Yesterday the Inspector General for the Department of Defense released a report about the JEDI contract. Inspector General found that DoD’s decision to award the contract to Microsoft was consistent with applicable law and acquisition standards. You can read more details on the report here.

Microsoft yesterday published a blog post to share its views on Amazon’s litigation on the award of the contract. Here’s the summary of the blog post:

  • A company like Amazon that bid high and lost, now get a do-over, especially now—as the IG’s report makes clear—Amazon received additional proprietary information about Microsoft’s bid that it should never have had. That’s what Amazon wants.
  • Companies seeking to do business with the federal government offer their best price from the beginning. They can’t offer a higher price in the hope they’ll win the bid anyway, and then turn around and ask to bid again if they lose.

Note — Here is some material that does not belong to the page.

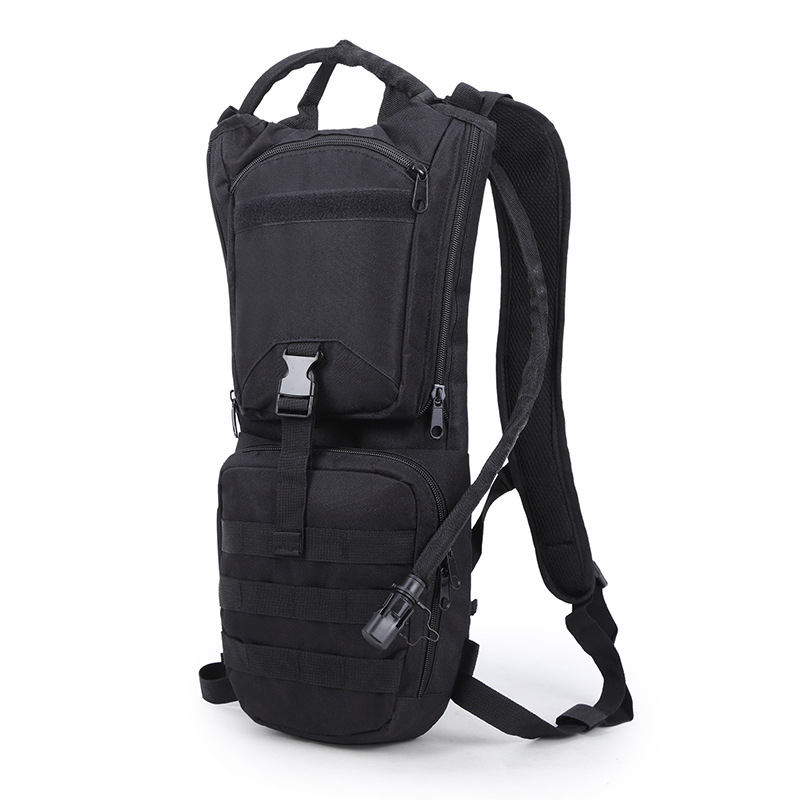 Water bag bike riding bag big mouth inner 3L water bag backpack Outdoor camouflage sports double shoulder and back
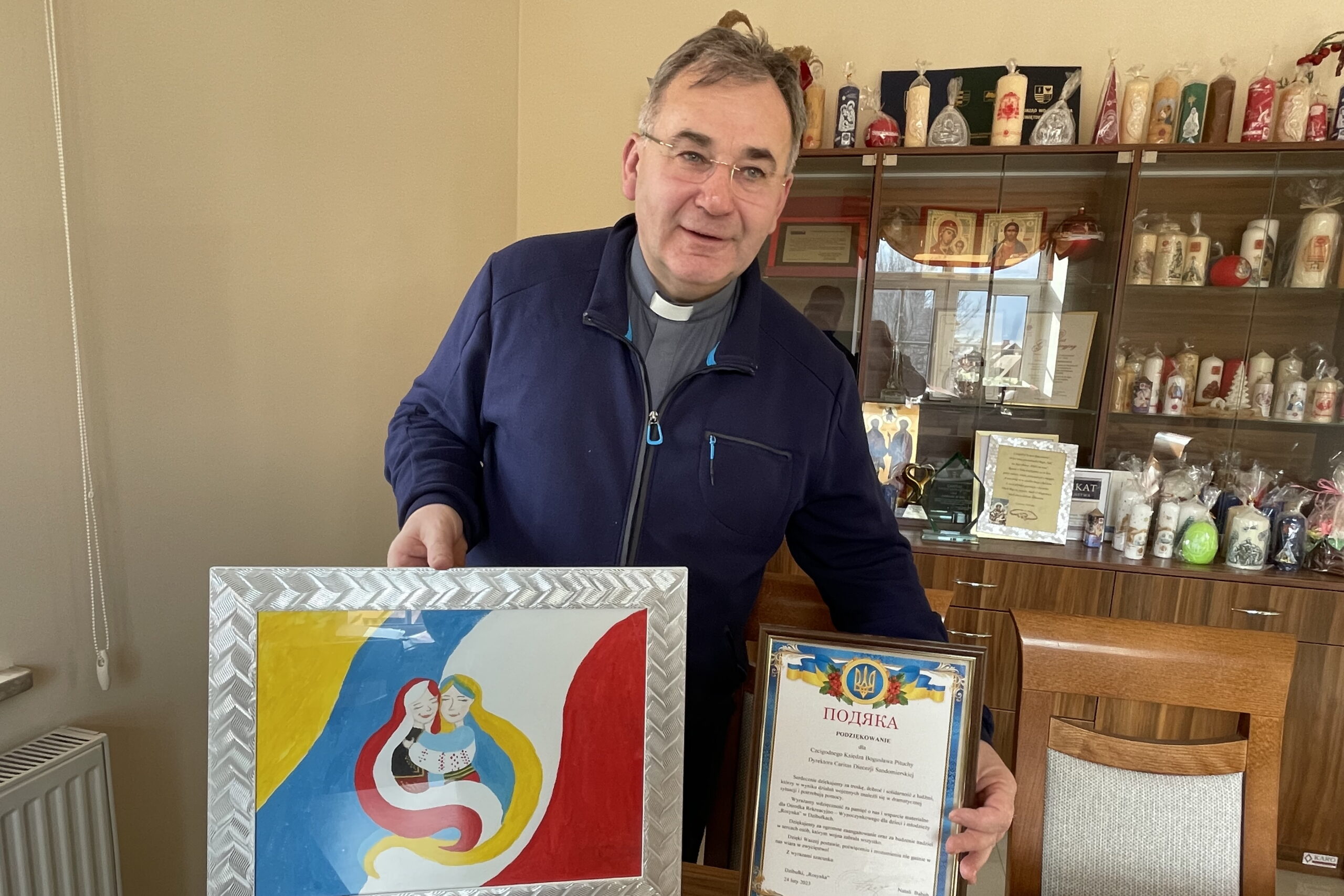 Pomoc humanitarna dla Ukrainy od Caritas Diecezji Sandomierskiej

  • Microsoft won the JEDI contract because the Department of Defense found that we offered “significantly superior” technology at a better price.
  • Amazon now wants no “constraint on the offerors’ ability to revise their pricing.” This, according to the government, is a “a transparent effort to undercut Microsoft on price, now that [Amazon] has a target at which to aim.”
  • Government’s brief says the following: “That AWS now regrets its pricing strategy is no reason to allow AWS a do-over, after it gained significant information about its competitor’s pricing, enabling it to use the currently prevailing information asymmetry to underbid its competitor in an effort to secure the contract.”
  • Now that Amazon has this retained knowledge of Microsoft’s proprietary information, a complete re-do can only hurt Microsoft and benefit Amazon.
  • The JEDI procurement has lasted more than two years. The DoD reviewed Microsoft’s bid against eight distinct evaluation factors and 55 individual sub-factors. The department subjected its products and services to four individual test scenarios, which were composed of more than 78 individual steps. The result? Microsoft were rated equal or superior to Amazon in every evaluation factor.
  • There is a simple explanation for Microsoft’s victory – the strength of our technology, and our willingness to listen to and respond to our potential customers.
  • Microsoft invested significant time and engineering resources into its products, to demonstrate for DoD that it is capable of meeting their criteria at the best price point.
  • Amazon would have you believe that it lost the award because of bias at the highest levels of government. But Amazon, alone, is responsible for the pricing it offered.  
  • As the government explained in its brief: “AWS and Microsoft each had a fair chance to build pricing for the entire procurement, based on their overall business pricing.”  Amazon did build its pricing for the entire procurement, and it wasn’t good enough to win.  And now it wants a re-do.  That’s not good for our war-fighters.  That’s not good for confidence in public procurement. That’s not good for anybody but Amazon.